Eines nicht ganz so wunderbaren Montagmorgens, wachte Mouna auf und erschrack sofort. Ein leises Gefühl von "Wo bin ich" und "Was tue ich hier" schlich sich von hinten an und überfiel sie mit einem eiskalten Schauer. "Nicht schon wieder" dachte sie sich.
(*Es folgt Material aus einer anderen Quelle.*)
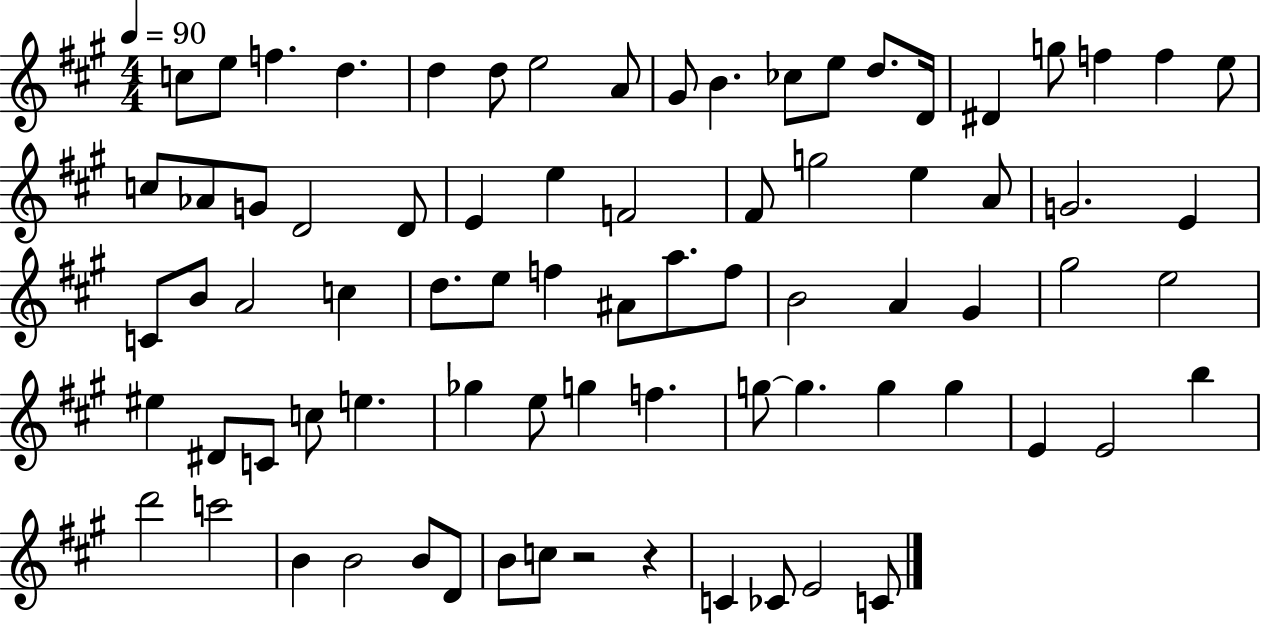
X:1
T:Untitled
M:4/4
L:1/4
K:A
c/2 e/2 f d d d/2 e2 A/2 ^G/2 B _c/2 e/2 d/2 D/4 ^D g/2 f f e/2 c/2 _A/2 G/2 D2 D/2 E e F2 ^F/2 g2 e A/2 G2 E C/2 B/2 A2 c d/2 e/2 f ^A/2 a/2 f/2 B2 A ^G ^g2 e2 ^e ^D/2 C/2 c/2 e _g e/2 g f g/2 g g g E E2 b d'2 c'2 B B2 B/2 D/2 B/2 c/2 z2 z C _C/2 E2 C/2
Es war jeden Montag das gleiche. Sie erwachte in ihrem Bett und fühlte sich, als wäre sie nicht dort, wo sie sein sollte. Die Märchenbücher, die sie am Vorabend gelesen hatte, lagen kreuz und quer in ihrem Zimmer und in ihrem Bett verteilt. Die traumhaft samtig-roten Einbände passten so wunderbar zu ihrer bunten Tapete. Sie liebte dieses Zimmer, es war so schön winzig und voller Sachen, die ihr gehörten. Hier fühlte sie sich am befreitesten. Das kleine Bett voller wolkengleicher Kissen, ihre scheinbar unbedeutenden Zeichnungen an der Wand über dem Schreibtisch. Sie sahen hübsch aus, die kleinen feinen Bleistiftlinien auf weißem Papier, feinsäuberlich aneinandergereiht. "Die sehen hübsch aus", das bekam sie immer zu hören, wenn sie jemanden in ihr Zimmer ließ. Und "Danke" antwortete sie jedes Mal. Das dämpfte ihre Freude über ihr eigenes kleines Reich ein wenig. Deshalb hatte sie auch nicht gern Besuch, zumindest nicht in ihrem Zimmer. Aber wenn die Familie da war, hatte sie zumeist keine andere Wahl. Vor allem ihre Großmutter, Rosi, meinte immer: "Die Bilder sehen ja so düster aus". Aber was wusste Oma Rosi schon. Für sie war die Welt immer schön, immer toll, immer rosig. Auch wenn sie es nicht war. Denn Oma Rosi hatte auch schon viel erlebt. Zahllose Enttäuschungen, viele Bemühungen, die umsonst waren und sogar ihren eigenen Sohn musste sie begraben. Mouna war dabei und sah, wie Oma Rosi so schrecklich weinen musste. Und für einen kurzen Moment tat es ihr leid, ihre Großmutter so kaputt zu sehen. Und es tat ihr leid, dass sie immer so schlecht von ihr gedacht hatte. Aber Oma Rosi war doch selbst Schuld. Nicht an den Enttäuschungen und nicht an dem Tod, sondern an ihrer überwältigenden Traurigkeit. Sie hätte sich doch ihren Problemen stellen, sie konfrontieren und sie klären können. Aber dazu war sie nicht in der Lage und das tat Mouna noch viel mehr leid. Denn nun lachte Oma Rosi wieder und war glücklich und das Leben war schön und toll und rosig. Bis sie wieder allein war, da war sich Mouna sicher. Denn dann kam die Trauer und für Oma Rosi war das alles zu viel, denn sie schaffte es nicht allein. Aber warum auch irgendwem zeigen, wie es einem wirklich ging? Warum auch nach Hilfe fragen? Es könnte ja dadurch alles besser werden. Aber der Stolz siegte. Er siegte immer.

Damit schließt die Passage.